_What to work on_
Please reproduce, exactly and with nothing added, the lines of the material below that run from the one containing "Уголь для кальяна S&B 12 кубиков 25*25*25" to the end.

_Data_
::::::::::

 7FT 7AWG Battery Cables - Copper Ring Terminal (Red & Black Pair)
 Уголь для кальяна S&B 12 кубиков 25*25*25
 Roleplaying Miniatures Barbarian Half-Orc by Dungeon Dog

::::::::::

_Solved problem_
 Уголь для кальяна S&B 12 кубиков 25*25*25
 Roleplaying Miniatures Barbarian Half-Orc by Dungeon Dog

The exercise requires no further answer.